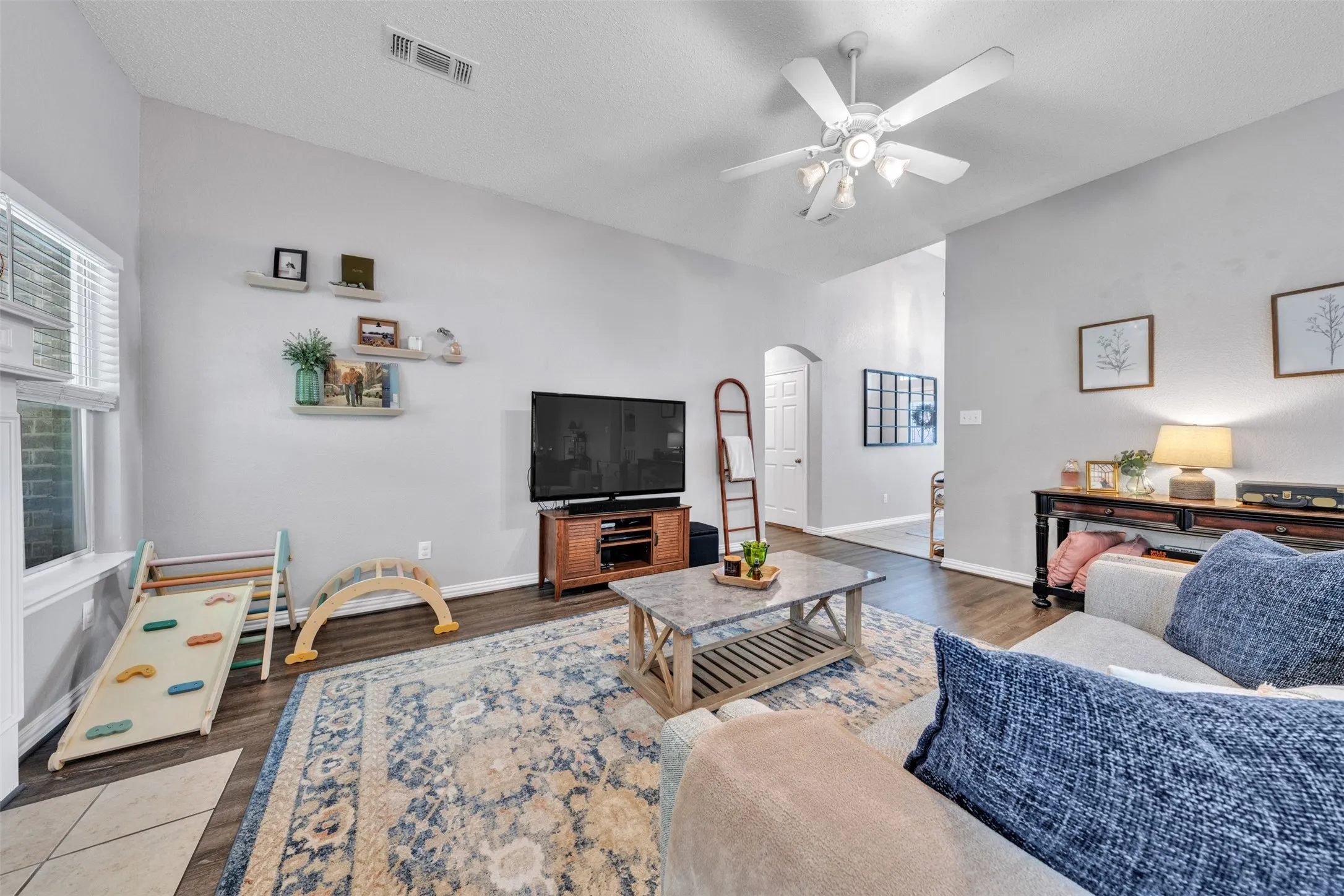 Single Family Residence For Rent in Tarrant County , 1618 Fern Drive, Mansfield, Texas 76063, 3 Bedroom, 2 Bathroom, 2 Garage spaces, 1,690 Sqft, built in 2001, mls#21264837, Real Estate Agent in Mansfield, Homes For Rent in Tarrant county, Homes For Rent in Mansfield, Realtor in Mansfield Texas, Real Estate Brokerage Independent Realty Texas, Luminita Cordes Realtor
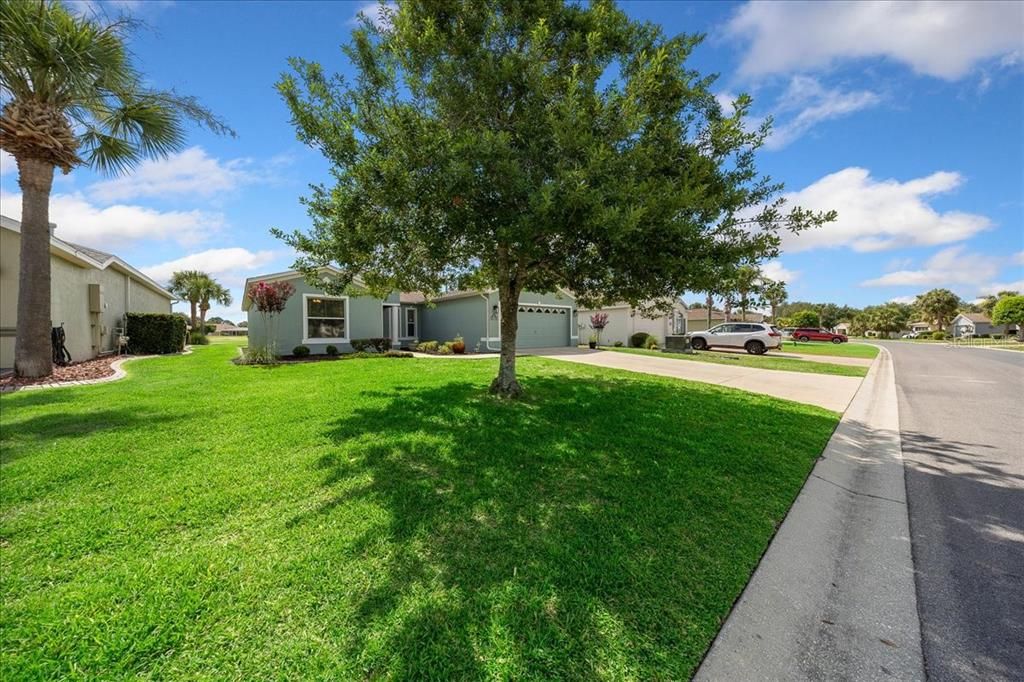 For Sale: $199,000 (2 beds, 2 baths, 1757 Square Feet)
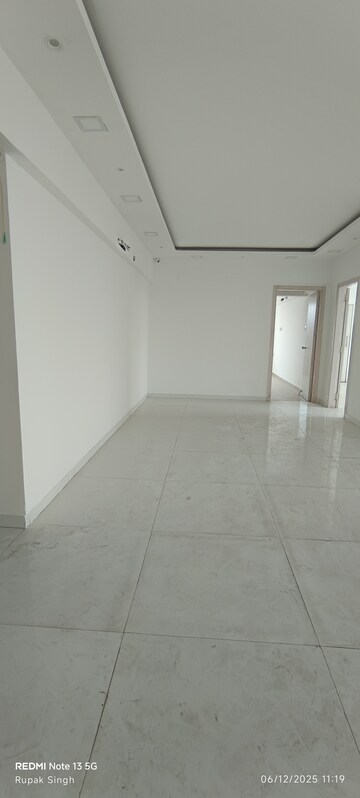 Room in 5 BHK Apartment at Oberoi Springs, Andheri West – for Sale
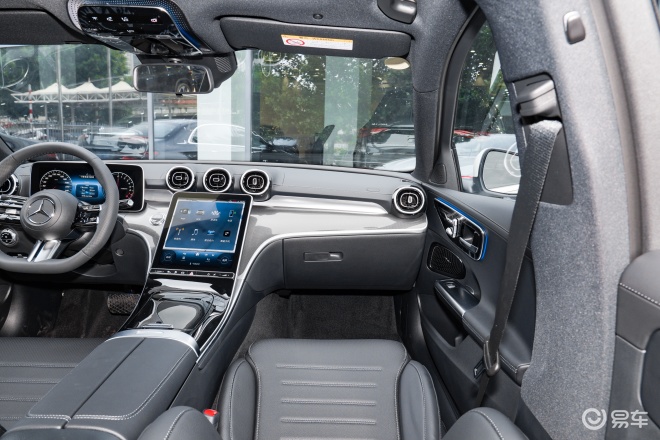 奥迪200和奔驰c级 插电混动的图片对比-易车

◆ ◆ ◆ ◆ ◆ ◆ ◆

Write out the material exactly, excluding pictures.

 Single Family Residence For Rent in Tarrant County , 1618 Fern Drive, Mansfield, Texas 76063, 3 Bedroom, 2 Bathroom, 2 Garage spaces, 1,690 Sqft, built in 2001, mls#21264837, Real Estate Agent in Mansfield, Homes For Rent in Tarrant county, Homes For Rent in Mansfield, Realtor in Mansfield Texas, Real Estate Brokerage Independent Realty Texas, Luminita Cordes Realtor
 For Sale: $199,000 (2 beds, 2 baths, 1757 Square Feet)
 Room in 5 BHK Apartment at Oberoi Springs, Andheri West – for Sale
 奥迪200和奔驰c级 插电混动的图片对比-易车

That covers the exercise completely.